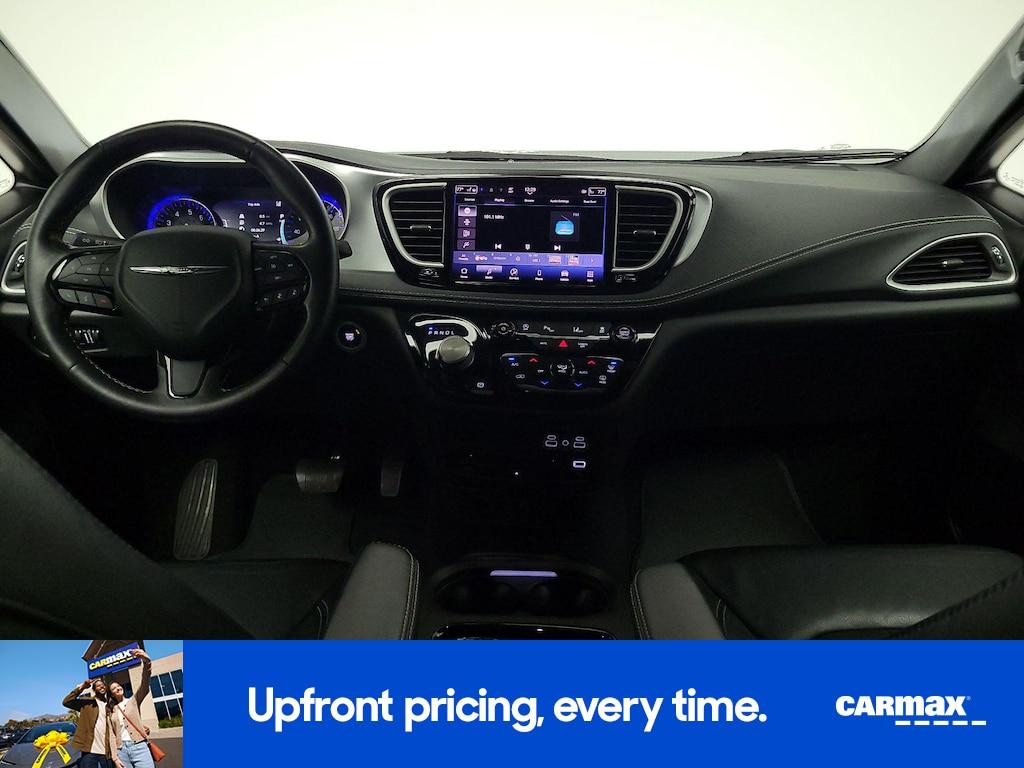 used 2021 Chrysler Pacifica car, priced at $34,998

--

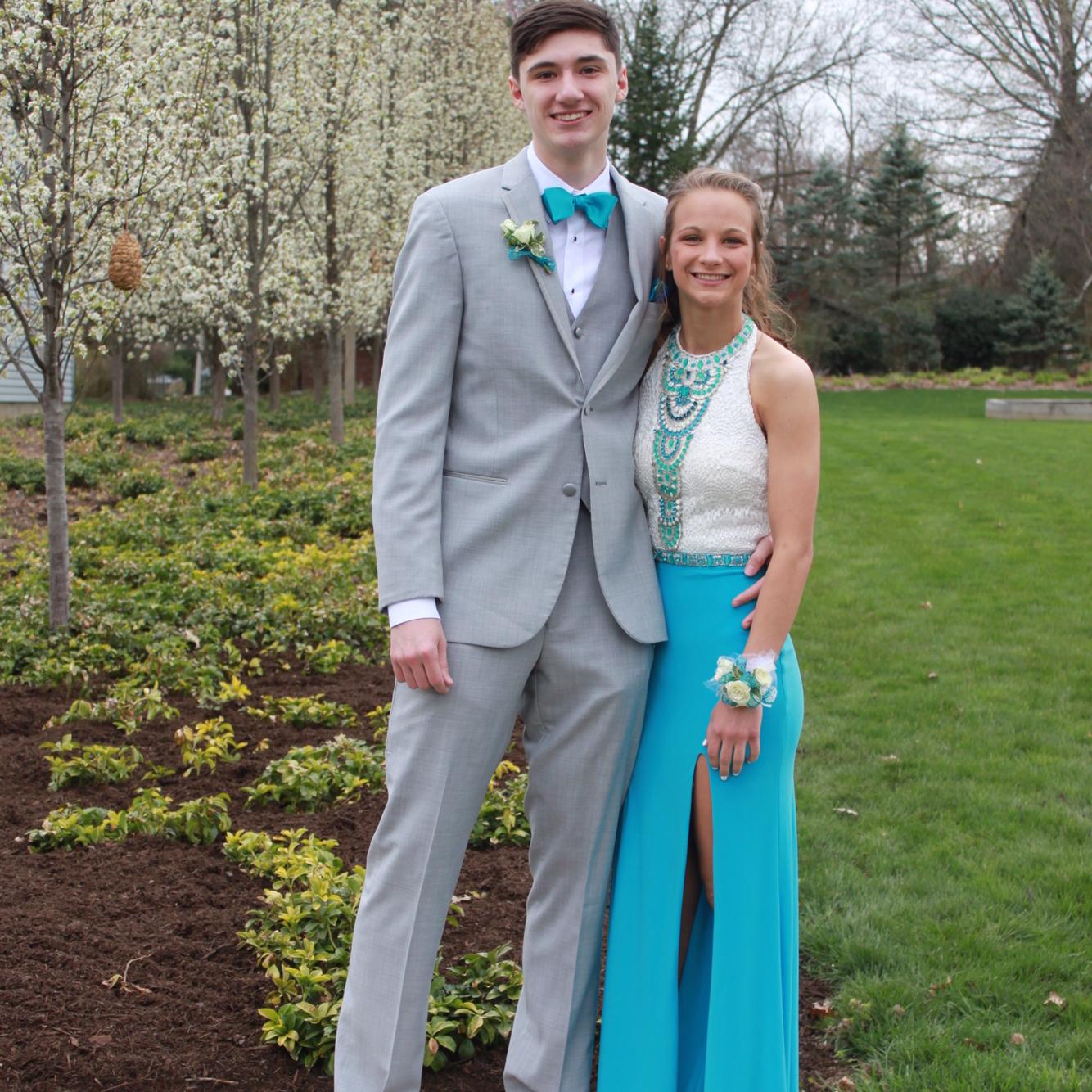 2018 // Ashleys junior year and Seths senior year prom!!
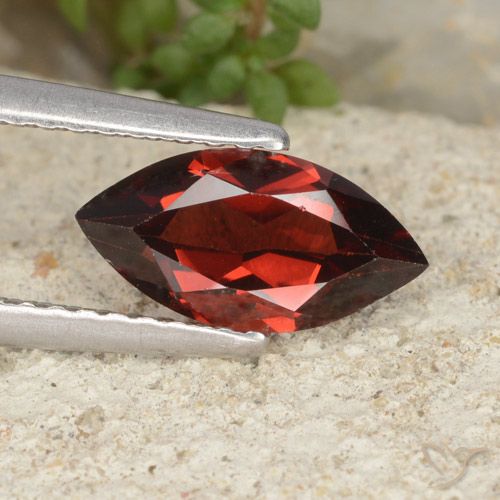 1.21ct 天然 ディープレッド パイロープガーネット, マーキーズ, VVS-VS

● Work instruction
Return the stretch of data that begins with the line showing "2018 // Ashleys" and goes on through the line showing "1.21ct 天然 ディープレッド パイロープガーネット, マーキーズ, VVS-VS", exactly, with pictures removed.

● Exercise solution
 2018 // Ashleys junior year and Seths senior year prom!!
 1.21ct 天然 ディープレッド パイロープガーネット, マーキーズ, VVS-VS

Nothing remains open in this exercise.